By Sarah Dunlap Bulletin Contributing Writer

Published on January 02, 2009

JERREY ROBERTS

Torah yoga combines prayers, passages from the Old Testament and themes from the Jewish calendar with classic yoga poses. Classes are held monthly at Lander Grinspoon Academy on Prospect Street in Northampton.

With legs folded in front of them and fingers pressed together on outstretched palms, six women and two men sat in a circle with their eyes gently closed, taking care to inhale through their noses then exhale the same way. A typical yoga practice, said Amy Reed, who conducted the exercise.

In most of her classes, students chant "om" three times in this position. Today the participants sang "shalom," harmonizing on the last syllable, then holding it.

Two flags - one Israeli, one American - stood to the left of the circle, and down the hall at the Lander Grinspoon Academy on Prospect Street in Northampton, another class learned intermediate Hebrew.

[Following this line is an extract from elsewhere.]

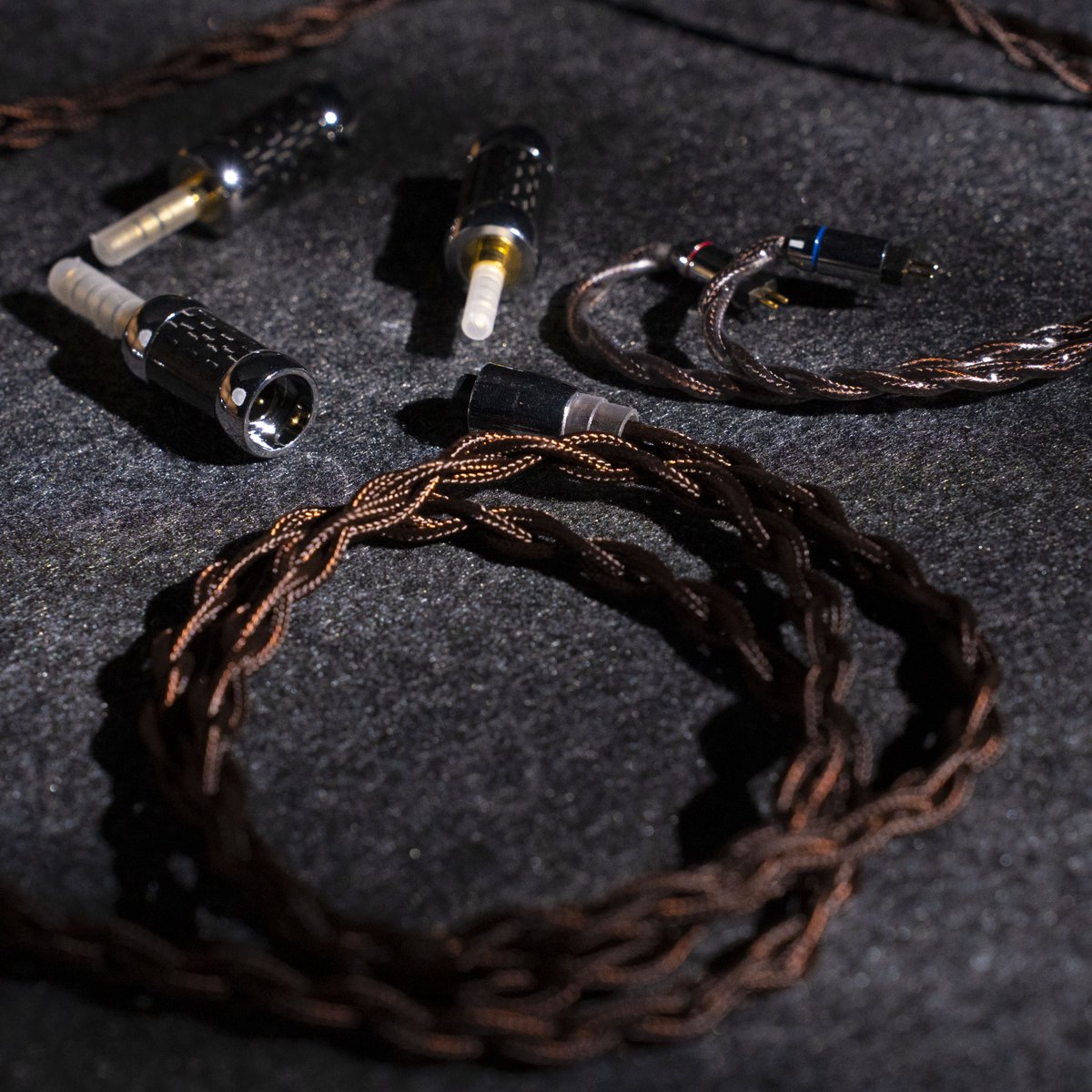 thieaudio's tweet image. Perfect for multitaskers. No more fussing over wires. 🎧💼#SmartCable

#THIEAUDIO #ThieaudioSmartCable #cable #hifi #audio #music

A bit earlier, Judi Wisch, a religious educator who was leading the group along with Reed, had opened the session: "Welcome to yoga with a Jewish twist."

"I thought it was Torah with a yoga twist," responded Cleo Gorman of Northampton, one of the participants who sat to her right.

Chuckling, Wisch agreed that it could be either.

The group was gathered for the third session of Torah Yoga, a class that explores Jewish concepts through classic yoga poses and prayer. Wisch had begun by leading the participants in a morning prayer, drawing passages from the Old Testament and themes from the Jewish calendar. Reed, a Belchertown yoga instructor, would take over 20 minutes later, guiding the group through poses meant to amplify the concepts Wisch had laid out.

Feeling the spiritual

Torah yoga, according to Hadassah Magazine, a publication of the charitable Zionist organization, was first officially practiced by Rabbi Myriam Klotz, director of yoga and movement practice at The Institute for Jewish Spirituality in New York, and a Torah scholar, Diane Bloomfield, who wrote a book on the subject in 2004. Titled simply "Torah Yoga," the book explains that while yoga is often linked with Hinduism, the meditative spiritual exercise can be applied to teachings across the theological gamut.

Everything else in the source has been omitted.